Carmignac: "Une euphorie soutenue par les banques centrales"

©Kristof Vadino

Didier Saint-Georges de Carmignac table sur une baisse de la devise américaine en 2021 et sur un maintien du leadership des valeurs de croissance.

"Nous sommes aujourd’hui dans une phase d’euphorie, caractérisée par une réduction des zones d’incertitudes sur les marchés financiers, avec une élection américaine qui est désormais derrière nous et la perspective de disposer prochainement de vaccins efficaces. Pour les douze prochains mois, ce retour à une forme de normalité pose toutefois plus de questions", souligne Didier Saint-Georges, membre du comité d’investissement stratégique de Carmignac.

Retour de l’austérité?

"Nous sommes aujourd’hui dans une phase d’euphorie, caractérisée par une réduction des zones d’incertitudes sur les marchés financiers."
Didier Saint-Georges
Membre du comité d’investissement stratégique de Carmignac

Si le rebond des chiffres de croissance est spectaculaire, nous sommes encore loin d’avoir récupéré les pertes encaissées depuis le début 2020. "En outre, la pandémie est dans une deuxième vague, avec les incertitudes concernant un éventuel plan de relance aux Etats-Unis. La réponse à ces questions déterminera en grande partie la forme que la croissance pourra prendre en 2021."
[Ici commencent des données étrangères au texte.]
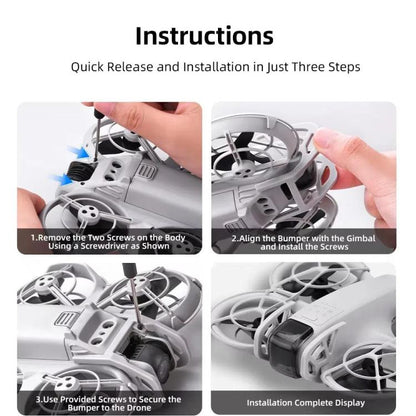 For DJI Neo BRDRC Bumper Gimbal Lens Crash Bar - ORIWHIZBRDRCDJI & Insta360 AccessoriesDJI Neo Accessories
Et en Europe, il s’attend à ce que les questions relatives à une plus grande rigueur budgétaire fassent leur retour dans le courant de l’année prochaine. "Une fois de plus, ce seront les banques centrales qui seront sollicitées l’année prochaine pour soutenir l’activité économique, avec une création monétaire qui continuera de soutenir les valorisations sur les marchés boursiers. Ceci justifie l’euphorie à laquelle nous assistons ces derniers jours."

Leadership boursier

"Le retour à une normalité économique et la correction des valorisations en cours sur les secteurs 'value' ne signifie pas un renversement du leadership de long terme sur les marchés boursiers"
Didier Saint-Georges
Membre du comité d’investissement stratégique de Carmignac

Didier Saint-Georges rappelle que les valeurs de croissance sont de plus en plus rares sur les marchés boursiers, tandis que l’endettement des entreprises par rapport à leur croissance est toujours plus élevé. "Le retour à une normalité économique et la correction des valorisations en cours sur les secteurs 'value' ne signifient pas un renversement du leadership de long terme sur les marchés boursiers."

A moyen terme, la croissance économique va rester sous pression, et les valeurs de croissance devraient rapidement reprendre le leadership boursier. Pour les prochains mois, il souligne que les fonds du groupe se sont également exposés à la réouverture des économies, par exemple aux groupes du secteur touristique qui ne sont pas sensibles aux problèmes structurels de long terme.

Marasme du dollar

Au niveau monétaire, Didier Saint-Georges souligne qu’il est difficile d’envisager un scénario qui ne s’accompagne pas d’une dépréciation de la devise américaine durant les prochains trimestres, ce qui aura un impact important sur certaines classes d’actifs comme les matières premières (et plus particulièrement l’or) ou les marchés asiatiques. "Le monde émergent est aujourd’hui la zone du marché sur laquelle nous sommes fortement surpondérés dans les portefeuilles globaux, bien avant les Etats-Unis".